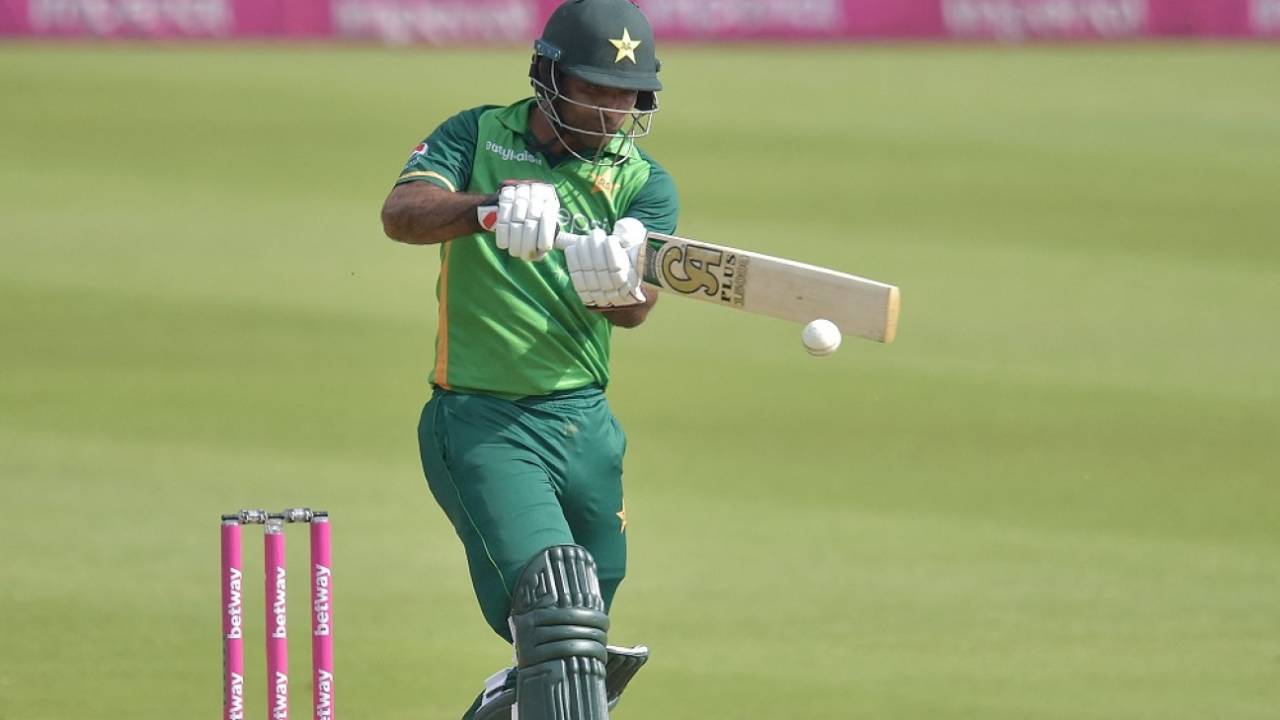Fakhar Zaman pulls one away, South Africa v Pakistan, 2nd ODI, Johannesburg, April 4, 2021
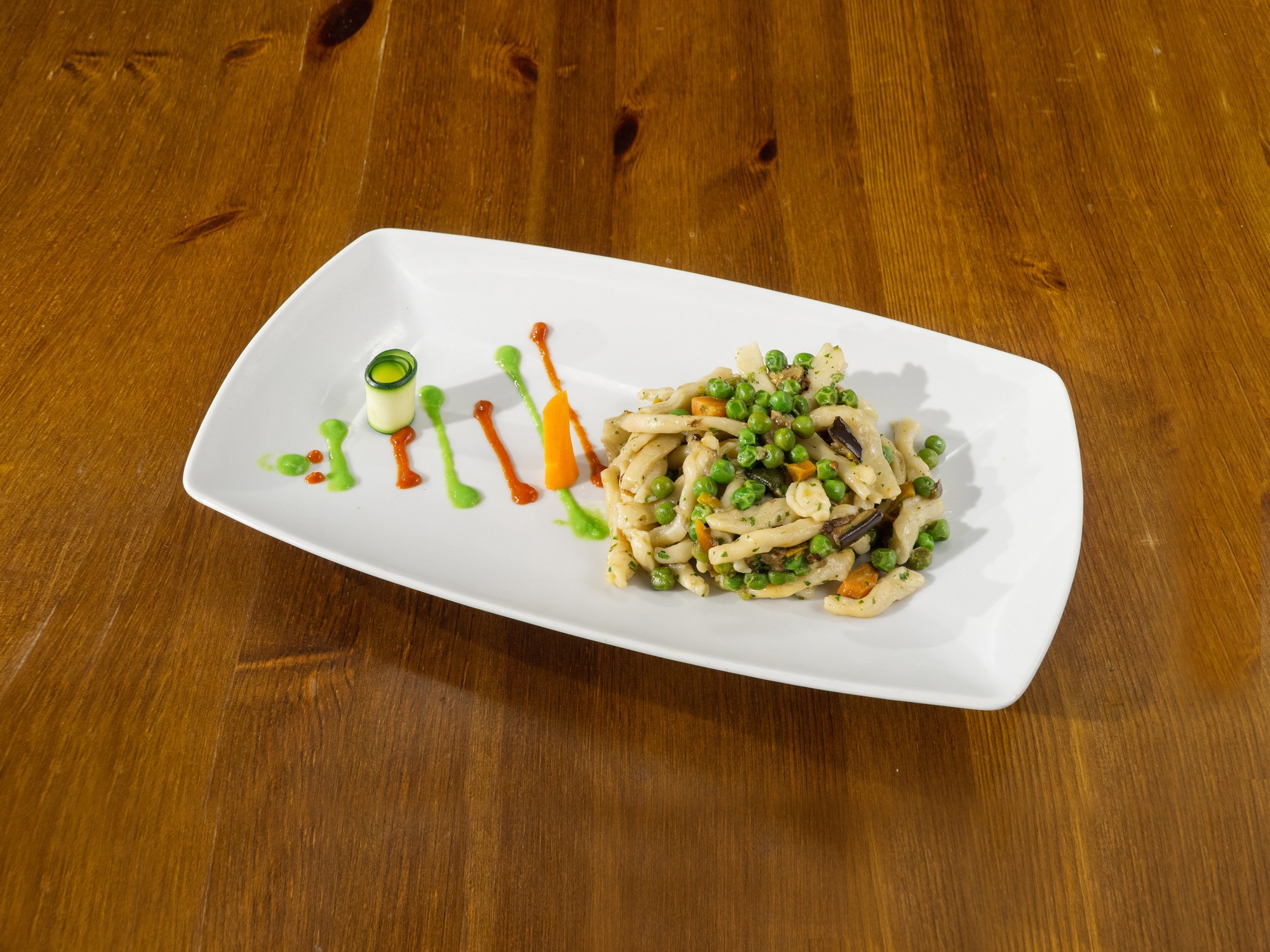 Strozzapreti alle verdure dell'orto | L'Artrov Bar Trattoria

---

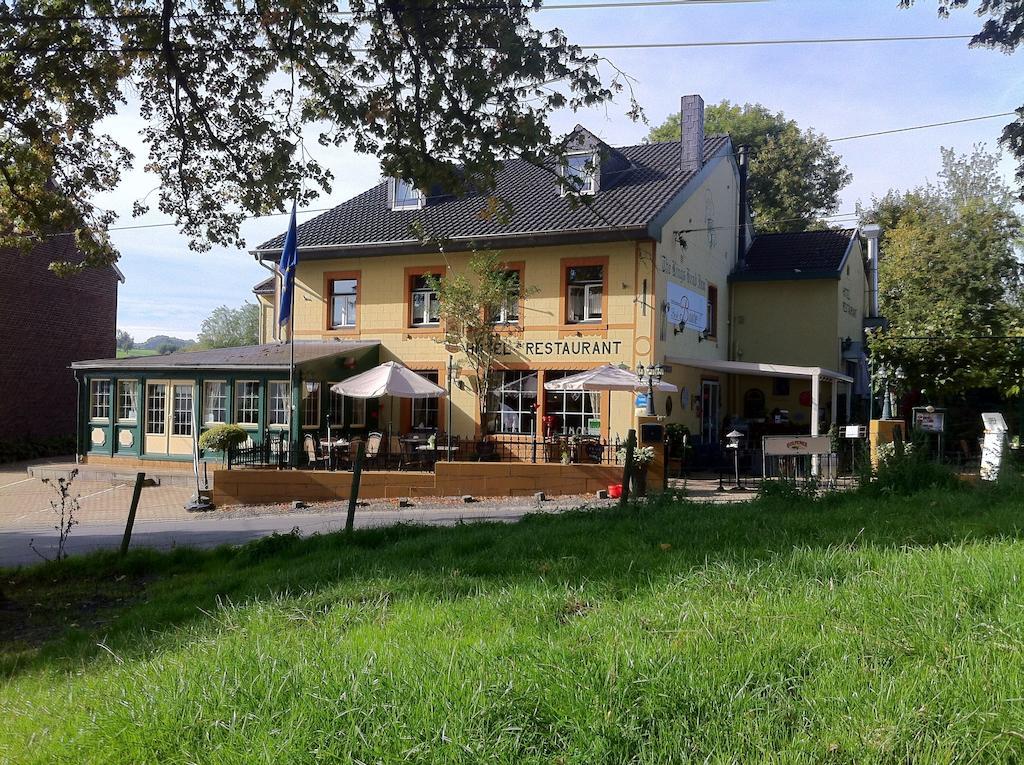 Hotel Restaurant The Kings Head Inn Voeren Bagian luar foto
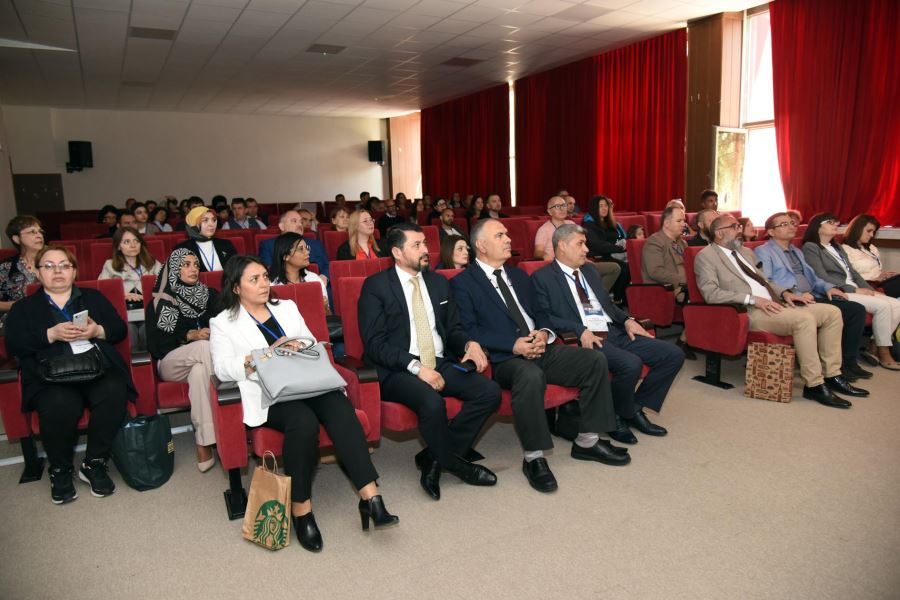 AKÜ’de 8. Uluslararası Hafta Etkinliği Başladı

-- Exercise brief --
All lines above starting at the one with "Hotel Restaurant The" and ending at the one with "AKÜ’de 8. Uluslararası", inclusive, are to be printed again exactly, with the pictures left out.

-- Exercise result --
 Hotel Restaurant The Kings Head Inn Voeren Bagian luar foto
 AKÜ’de 8. Uluslararası Hafta Etkinliği Başladı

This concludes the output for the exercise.